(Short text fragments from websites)
+-------+
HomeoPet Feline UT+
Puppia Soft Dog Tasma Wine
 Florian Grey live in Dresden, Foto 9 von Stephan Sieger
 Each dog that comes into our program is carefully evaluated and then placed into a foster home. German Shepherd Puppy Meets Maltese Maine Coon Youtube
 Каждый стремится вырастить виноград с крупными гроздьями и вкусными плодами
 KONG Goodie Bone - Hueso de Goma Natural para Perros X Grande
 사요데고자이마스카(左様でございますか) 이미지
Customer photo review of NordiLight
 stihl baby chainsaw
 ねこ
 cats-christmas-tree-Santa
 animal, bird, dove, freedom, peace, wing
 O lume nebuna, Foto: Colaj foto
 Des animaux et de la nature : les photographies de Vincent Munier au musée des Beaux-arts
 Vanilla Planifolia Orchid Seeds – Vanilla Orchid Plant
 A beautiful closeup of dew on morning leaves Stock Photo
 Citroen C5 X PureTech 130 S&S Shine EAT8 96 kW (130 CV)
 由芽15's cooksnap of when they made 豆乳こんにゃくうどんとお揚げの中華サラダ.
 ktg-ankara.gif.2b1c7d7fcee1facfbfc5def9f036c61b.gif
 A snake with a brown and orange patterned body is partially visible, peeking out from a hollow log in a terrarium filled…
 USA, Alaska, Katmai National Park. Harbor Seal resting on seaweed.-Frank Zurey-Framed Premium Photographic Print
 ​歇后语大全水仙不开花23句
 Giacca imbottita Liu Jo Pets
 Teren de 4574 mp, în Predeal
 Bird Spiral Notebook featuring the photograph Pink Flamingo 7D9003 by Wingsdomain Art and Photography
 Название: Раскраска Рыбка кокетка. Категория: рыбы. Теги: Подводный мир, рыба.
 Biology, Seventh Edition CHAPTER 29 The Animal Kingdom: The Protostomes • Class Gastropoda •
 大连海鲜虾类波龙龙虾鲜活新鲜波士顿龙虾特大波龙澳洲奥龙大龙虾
+-------+
What is needed — Identify the lines of the data that contain the word "Foto". Copy each of them.

Response below —
 Florian Grey live in Dresden, Foto 9 von Stephan Sieger
 O lume nebuna, Foto: Colaj foto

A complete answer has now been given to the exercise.